╭─ Data excerpt

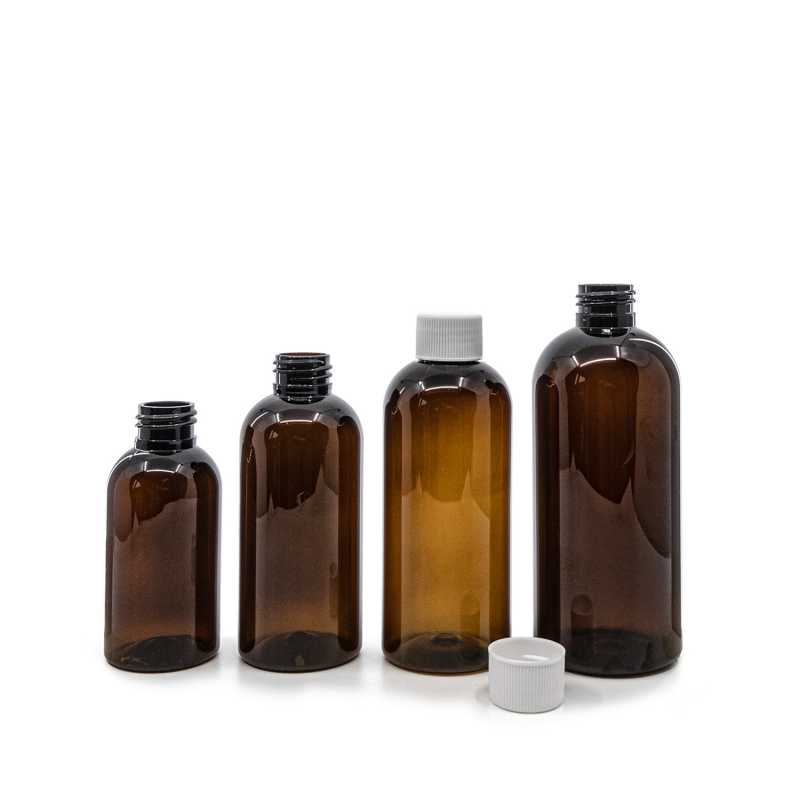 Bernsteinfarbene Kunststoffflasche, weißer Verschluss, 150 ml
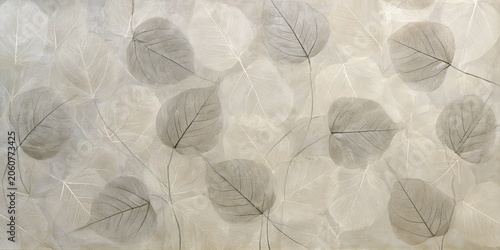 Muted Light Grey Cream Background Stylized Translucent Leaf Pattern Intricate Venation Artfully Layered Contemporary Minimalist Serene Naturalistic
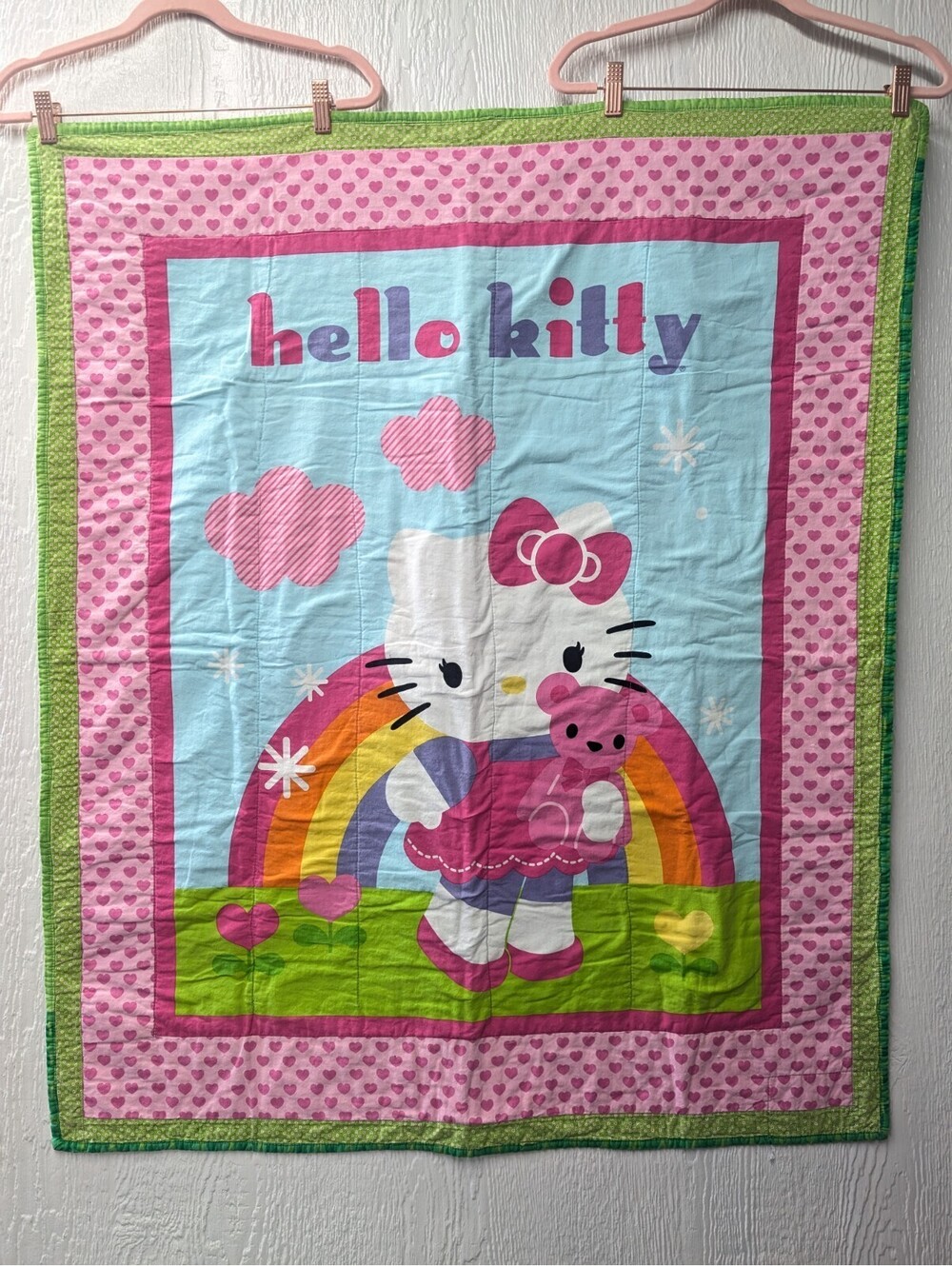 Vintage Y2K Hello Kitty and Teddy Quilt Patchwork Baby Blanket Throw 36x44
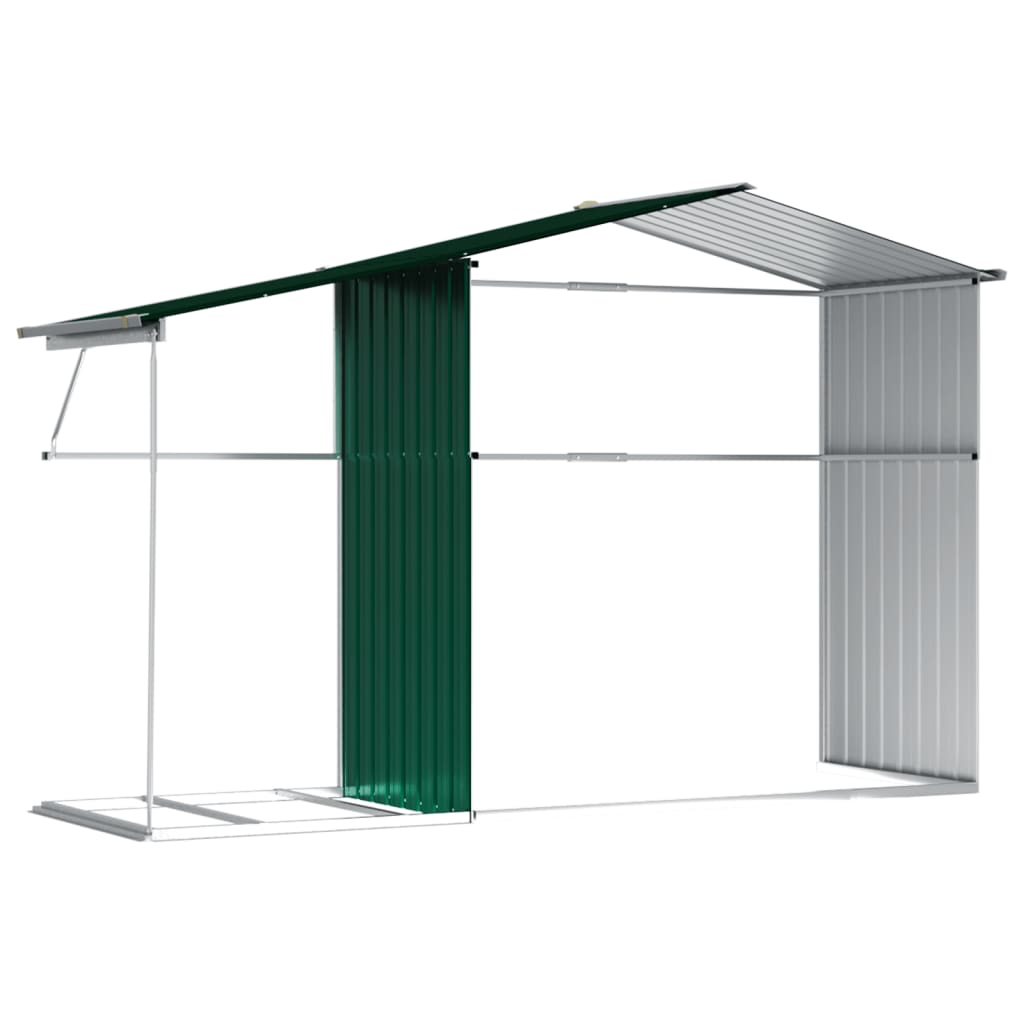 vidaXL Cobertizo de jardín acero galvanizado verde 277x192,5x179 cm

╰─

> [Task]: Would you output, word for word, only the lines running from the line with "Muted Light Grey" to the end of the listing above, both ends included, with no pictures?

> [Task result]:
 Muted Light Grey Cream Background Stylized Translucent Leaf Pattern Intricate Venation Artfully Layered Contemporary Minimalist Serene Naturalistic
 Vintage Y2K Hello Kitty and Teddy Quilt Patchwork Baby Blanket Throw 36x44
 vidaXL Cobertizo de jardín acero galvanizado verde 277x192,5x179 cm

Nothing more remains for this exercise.